Nutrition talk lately seem to be full of numbers: 16:8, 14:10, 5:2. If these ratios sound familiar, you’ve probably already heard about intermittent fasting (or “IF”). Celebrities like Terry Crews, Chris Pratt and Halle Berry have all given IF a try. But what about the rest of us?
At Centr, our approach is to enjoy delicious food regularly over the day, according to your individual needs, preferences and lifestyle. After all, the best healthy eating meal plan is the one that fits with you: if it disrupts your life too much, chances are you won’t stick with it. But we get it: you’re curious about an eating style that’s getting as much celebrity buzz as IF, so we’re here to give you the lowdown.
What’s the deal with IF?
IF takes a number of forms, the most common being the 5:2 and 16:8 modes. In the former, you eat a regular intake for five days of the week and significantly restrict your caloric intake for two non-consecutive days, while in the latter, you do all your “daily eating” (so, your entire standard daily caloric intake) within an eight-hour window and fast for the remaining 16 hours. The proposed benefits of fasting are wide-ranging, with a primary focus on weight loss, but research also indicates benefits for particular chronic health conditions like diabetes and a positive impact on longevity when it has been prescribed by a medical professional.
Why is it so popular?
Everybody wants that magic formula to achieve their goals, and the anecdotal evidence, along with a few studies, can suggest that IF is the ticket to pushing through your weight loss and training plateaus. When you couple that with the famous bodies we’ve heard use IF as part of their health and fitness arsenal, that’s going to sound pretty attractive. The 16:8 mode is especially popular because it isn’t a “diet” in the traditional sense: when you’re within the eight hours of feeding, you eat normally. If you’re sick of diets of endless cabbage broth or ‘detox’ juices, the prospect of eating a regular sandwich or bowl of pasta can sound practically heavenly.
Where should you begin?
So you’ve read a few blogs, chatted with your friends who’ve tried IF, you’re ready to go, right? Not so fast! If you’re thinking of trying IF, ensure you are making nutrition choices that meet your specific needs, and that you consult with a health professional or dietician for individual advice. They can create a plan for you to start safely. You’ll know quickly if you’re not into it!

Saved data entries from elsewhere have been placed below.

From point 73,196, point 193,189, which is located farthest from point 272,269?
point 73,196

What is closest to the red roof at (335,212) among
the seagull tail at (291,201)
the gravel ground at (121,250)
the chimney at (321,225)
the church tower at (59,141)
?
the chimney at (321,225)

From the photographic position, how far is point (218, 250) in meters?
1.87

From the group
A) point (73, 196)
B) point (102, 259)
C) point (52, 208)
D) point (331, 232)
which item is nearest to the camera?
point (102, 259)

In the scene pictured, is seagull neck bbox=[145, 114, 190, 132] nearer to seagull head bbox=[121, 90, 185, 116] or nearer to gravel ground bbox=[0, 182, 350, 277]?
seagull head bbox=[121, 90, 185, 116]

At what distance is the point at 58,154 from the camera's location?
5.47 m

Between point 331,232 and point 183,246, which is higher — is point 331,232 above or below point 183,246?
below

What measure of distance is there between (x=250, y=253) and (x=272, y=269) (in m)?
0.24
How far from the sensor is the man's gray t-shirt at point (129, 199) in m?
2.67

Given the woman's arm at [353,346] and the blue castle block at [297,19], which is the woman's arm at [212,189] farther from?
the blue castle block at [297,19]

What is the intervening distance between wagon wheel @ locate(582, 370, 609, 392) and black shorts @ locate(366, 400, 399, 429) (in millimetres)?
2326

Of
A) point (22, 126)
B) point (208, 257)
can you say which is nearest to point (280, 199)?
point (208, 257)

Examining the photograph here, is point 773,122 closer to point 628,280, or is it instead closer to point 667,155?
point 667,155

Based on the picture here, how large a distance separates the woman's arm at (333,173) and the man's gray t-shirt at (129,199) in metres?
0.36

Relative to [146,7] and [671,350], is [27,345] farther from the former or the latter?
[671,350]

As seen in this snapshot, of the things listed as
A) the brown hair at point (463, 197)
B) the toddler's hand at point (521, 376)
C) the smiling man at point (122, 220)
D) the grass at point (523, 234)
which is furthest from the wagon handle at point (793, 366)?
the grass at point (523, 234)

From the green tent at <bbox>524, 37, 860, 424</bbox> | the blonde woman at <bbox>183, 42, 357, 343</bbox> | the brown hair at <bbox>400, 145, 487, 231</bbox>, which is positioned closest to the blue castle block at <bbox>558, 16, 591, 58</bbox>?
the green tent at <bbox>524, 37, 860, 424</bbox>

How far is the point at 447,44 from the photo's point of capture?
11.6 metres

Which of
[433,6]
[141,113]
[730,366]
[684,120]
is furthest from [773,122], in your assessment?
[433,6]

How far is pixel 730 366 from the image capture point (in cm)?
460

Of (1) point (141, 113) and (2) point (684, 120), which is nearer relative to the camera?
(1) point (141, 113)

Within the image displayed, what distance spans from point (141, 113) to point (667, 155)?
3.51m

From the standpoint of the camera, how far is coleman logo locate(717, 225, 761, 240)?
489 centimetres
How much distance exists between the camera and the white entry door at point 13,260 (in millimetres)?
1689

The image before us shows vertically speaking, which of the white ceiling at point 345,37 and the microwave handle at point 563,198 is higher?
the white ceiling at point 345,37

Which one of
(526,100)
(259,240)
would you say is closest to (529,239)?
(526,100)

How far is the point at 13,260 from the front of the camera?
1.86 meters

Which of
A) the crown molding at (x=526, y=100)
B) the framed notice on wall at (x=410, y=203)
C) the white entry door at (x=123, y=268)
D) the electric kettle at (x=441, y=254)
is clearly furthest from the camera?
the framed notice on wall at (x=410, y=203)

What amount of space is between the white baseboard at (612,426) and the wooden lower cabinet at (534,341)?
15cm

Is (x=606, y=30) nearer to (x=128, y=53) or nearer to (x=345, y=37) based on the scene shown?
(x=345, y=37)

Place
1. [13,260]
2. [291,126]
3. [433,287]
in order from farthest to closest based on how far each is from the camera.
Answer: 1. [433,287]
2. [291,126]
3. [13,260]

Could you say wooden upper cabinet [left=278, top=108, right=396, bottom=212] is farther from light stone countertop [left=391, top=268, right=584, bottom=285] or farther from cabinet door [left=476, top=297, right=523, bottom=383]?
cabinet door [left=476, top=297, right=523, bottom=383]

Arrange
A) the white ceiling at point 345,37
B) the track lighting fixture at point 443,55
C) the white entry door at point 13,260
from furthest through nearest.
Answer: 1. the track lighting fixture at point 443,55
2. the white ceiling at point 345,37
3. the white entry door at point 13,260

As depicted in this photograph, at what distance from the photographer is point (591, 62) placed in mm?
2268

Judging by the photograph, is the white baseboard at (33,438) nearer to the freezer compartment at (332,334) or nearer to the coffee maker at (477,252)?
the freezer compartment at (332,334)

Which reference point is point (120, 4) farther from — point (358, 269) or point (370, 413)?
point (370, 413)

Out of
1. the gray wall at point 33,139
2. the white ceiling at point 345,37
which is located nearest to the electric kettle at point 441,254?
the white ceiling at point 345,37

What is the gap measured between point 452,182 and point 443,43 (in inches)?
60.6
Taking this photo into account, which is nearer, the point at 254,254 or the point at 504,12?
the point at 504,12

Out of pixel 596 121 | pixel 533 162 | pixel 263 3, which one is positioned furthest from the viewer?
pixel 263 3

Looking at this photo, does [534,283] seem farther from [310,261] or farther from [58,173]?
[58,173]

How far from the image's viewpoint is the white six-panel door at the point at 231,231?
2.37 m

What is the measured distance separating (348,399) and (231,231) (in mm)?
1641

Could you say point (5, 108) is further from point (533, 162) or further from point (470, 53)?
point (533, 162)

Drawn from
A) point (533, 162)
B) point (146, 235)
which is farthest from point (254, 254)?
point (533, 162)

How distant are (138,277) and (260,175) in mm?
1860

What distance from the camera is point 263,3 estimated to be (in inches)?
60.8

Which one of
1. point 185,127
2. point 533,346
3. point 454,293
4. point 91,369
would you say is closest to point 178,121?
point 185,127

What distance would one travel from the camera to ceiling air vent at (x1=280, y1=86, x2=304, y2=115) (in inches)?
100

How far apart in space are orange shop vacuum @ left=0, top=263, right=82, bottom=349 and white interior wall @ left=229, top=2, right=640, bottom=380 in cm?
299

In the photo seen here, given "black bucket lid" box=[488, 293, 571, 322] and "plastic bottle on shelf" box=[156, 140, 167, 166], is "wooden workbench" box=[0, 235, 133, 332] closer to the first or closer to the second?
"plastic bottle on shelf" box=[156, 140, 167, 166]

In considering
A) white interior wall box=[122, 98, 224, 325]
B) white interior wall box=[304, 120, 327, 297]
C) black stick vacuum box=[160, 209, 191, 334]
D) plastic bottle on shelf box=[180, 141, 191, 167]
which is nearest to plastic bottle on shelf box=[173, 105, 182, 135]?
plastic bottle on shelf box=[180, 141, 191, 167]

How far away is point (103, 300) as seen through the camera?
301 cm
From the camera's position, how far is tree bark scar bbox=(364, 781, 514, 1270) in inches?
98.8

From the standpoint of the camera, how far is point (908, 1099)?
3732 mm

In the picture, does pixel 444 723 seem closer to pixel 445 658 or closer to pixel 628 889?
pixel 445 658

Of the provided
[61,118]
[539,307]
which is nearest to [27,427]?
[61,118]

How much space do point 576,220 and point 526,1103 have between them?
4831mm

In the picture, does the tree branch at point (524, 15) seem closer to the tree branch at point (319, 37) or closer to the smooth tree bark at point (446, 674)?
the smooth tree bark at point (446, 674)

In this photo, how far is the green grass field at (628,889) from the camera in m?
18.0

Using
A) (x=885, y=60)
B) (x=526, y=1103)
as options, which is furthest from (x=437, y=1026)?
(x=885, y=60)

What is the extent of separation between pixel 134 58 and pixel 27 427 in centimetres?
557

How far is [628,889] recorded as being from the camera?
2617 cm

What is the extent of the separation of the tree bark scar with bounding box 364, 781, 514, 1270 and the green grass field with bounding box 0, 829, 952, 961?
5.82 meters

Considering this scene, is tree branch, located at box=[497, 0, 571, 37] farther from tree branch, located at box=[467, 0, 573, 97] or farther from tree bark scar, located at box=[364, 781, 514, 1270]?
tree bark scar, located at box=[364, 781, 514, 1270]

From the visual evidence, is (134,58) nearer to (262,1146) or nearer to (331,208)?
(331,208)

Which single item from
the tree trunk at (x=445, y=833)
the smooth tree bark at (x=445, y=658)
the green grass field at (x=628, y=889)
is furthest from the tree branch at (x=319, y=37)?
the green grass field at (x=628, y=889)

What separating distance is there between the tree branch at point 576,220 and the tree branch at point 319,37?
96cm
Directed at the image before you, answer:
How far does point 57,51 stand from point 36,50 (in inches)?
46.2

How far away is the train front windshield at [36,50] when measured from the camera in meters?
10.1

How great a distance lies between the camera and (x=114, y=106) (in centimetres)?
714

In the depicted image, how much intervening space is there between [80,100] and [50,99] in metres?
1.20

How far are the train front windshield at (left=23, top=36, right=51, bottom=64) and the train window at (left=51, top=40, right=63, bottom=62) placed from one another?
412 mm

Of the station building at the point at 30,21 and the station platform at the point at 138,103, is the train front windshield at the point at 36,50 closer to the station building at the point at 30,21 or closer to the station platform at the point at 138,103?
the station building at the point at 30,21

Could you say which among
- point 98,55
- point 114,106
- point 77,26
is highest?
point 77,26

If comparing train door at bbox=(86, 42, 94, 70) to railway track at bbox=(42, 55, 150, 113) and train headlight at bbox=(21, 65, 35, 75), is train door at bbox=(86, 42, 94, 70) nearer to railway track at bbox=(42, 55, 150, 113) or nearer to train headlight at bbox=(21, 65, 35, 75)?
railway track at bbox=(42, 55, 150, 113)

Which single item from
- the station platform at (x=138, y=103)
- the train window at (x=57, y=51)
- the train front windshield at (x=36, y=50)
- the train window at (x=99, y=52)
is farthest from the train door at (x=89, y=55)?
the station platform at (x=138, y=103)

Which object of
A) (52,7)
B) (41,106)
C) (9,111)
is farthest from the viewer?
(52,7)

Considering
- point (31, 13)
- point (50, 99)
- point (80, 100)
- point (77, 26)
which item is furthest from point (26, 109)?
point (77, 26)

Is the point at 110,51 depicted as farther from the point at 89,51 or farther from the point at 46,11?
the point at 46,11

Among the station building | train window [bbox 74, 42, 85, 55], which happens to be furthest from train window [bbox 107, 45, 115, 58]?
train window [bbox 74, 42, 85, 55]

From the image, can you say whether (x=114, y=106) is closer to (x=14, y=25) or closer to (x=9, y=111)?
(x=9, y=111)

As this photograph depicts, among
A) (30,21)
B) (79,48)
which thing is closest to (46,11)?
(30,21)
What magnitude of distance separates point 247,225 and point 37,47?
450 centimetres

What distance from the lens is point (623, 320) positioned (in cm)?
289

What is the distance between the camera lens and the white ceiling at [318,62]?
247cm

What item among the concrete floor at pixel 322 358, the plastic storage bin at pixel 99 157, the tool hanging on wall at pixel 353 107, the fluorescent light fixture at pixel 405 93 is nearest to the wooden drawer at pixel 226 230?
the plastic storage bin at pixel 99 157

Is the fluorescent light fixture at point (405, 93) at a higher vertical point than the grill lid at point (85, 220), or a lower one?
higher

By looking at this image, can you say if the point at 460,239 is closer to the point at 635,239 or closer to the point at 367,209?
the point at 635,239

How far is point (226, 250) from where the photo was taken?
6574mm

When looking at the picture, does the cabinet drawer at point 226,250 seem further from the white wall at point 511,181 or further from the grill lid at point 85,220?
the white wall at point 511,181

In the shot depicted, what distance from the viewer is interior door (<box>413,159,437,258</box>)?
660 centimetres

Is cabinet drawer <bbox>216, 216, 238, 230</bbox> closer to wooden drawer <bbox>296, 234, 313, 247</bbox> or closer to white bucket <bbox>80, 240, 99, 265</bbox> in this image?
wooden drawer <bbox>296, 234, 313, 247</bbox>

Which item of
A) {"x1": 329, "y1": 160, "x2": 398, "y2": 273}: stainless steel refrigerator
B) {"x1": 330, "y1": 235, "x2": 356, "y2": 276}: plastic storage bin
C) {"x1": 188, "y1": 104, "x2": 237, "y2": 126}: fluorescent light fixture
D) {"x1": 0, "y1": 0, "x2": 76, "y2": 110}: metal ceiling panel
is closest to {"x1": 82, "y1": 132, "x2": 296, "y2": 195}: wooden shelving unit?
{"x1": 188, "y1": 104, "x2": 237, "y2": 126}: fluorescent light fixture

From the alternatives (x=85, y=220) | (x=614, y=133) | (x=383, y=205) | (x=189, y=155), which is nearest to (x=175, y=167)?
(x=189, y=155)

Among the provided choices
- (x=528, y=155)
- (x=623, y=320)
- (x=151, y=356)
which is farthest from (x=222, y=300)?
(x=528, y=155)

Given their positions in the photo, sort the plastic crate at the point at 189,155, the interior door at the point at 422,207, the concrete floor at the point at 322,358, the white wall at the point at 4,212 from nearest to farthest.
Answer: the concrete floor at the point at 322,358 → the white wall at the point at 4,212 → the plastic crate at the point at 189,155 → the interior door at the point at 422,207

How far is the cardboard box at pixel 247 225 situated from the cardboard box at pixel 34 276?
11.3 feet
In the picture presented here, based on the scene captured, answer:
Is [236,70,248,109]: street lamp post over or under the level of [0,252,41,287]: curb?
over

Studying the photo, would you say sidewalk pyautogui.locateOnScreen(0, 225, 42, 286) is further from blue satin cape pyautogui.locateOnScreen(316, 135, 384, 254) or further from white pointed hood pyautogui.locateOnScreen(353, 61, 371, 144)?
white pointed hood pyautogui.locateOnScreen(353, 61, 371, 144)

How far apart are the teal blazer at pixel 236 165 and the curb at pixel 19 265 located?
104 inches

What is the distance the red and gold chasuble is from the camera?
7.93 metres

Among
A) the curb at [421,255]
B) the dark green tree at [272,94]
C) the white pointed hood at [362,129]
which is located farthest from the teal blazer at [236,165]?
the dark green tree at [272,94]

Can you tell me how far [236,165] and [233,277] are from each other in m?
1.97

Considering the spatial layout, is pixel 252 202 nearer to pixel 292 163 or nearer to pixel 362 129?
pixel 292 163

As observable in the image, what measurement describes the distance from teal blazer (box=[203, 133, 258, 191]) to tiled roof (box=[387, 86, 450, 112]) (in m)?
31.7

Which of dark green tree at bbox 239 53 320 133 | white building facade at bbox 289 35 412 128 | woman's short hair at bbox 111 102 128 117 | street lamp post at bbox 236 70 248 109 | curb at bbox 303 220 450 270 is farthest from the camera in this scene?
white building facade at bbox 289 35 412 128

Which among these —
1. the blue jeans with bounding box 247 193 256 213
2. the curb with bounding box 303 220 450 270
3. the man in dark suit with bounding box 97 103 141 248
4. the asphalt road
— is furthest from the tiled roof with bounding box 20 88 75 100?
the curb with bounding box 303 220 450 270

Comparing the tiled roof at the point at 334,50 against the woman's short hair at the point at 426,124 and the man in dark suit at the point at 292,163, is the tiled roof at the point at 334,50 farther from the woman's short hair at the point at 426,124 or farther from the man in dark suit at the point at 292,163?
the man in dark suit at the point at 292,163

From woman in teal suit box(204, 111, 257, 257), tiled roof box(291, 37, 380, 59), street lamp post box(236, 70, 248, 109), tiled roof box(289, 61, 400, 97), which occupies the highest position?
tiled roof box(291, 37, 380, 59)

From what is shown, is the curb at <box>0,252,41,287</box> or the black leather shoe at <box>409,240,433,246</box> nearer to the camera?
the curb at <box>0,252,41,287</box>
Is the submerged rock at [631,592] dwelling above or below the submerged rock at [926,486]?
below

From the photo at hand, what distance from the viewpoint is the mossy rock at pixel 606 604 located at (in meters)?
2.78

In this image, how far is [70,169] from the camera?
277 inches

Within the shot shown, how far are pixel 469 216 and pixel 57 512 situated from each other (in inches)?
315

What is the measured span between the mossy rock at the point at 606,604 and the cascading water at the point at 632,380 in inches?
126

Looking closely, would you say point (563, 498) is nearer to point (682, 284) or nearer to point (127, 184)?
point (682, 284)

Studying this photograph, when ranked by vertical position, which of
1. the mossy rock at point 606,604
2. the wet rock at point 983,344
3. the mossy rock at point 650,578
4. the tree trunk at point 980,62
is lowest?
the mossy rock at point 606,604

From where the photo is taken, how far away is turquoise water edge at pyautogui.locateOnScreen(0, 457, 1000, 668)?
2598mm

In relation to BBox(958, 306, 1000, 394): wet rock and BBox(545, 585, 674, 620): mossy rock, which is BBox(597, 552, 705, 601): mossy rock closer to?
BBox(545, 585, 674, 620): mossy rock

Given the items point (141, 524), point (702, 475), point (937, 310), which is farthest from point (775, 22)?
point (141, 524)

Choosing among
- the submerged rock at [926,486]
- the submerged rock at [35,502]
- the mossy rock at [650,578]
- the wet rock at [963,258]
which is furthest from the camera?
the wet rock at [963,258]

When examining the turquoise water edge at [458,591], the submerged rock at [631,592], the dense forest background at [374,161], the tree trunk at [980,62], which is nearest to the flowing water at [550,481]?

When it’s definitely not for you
There are some people who should give IF a miss. If you have a medical condition or take medications that require regular intake of food, have a history of disordered eating or a diagnosed eating disorder, or if you are pregnant or breastfeeding, IF is not for you. Also, though you may have heard people talking about IF helping their gut issues, if you have a tendency to become constipated, you may find IF makes it worse.These are two approaches to the 16:8 – one of the most popular fasting methods.
What the science suggests
Initial clinical studies indicate that there are benefits to IF, but that they aren’t “magic bullets” just yet. A 2018 study by the German Cancer Research Center (DKFZ) and Heidelberg University found that while IF helps people lose weight and promotes health, it’s not superior to more traditional calorie-restricted eating plans when it comes to weight loss.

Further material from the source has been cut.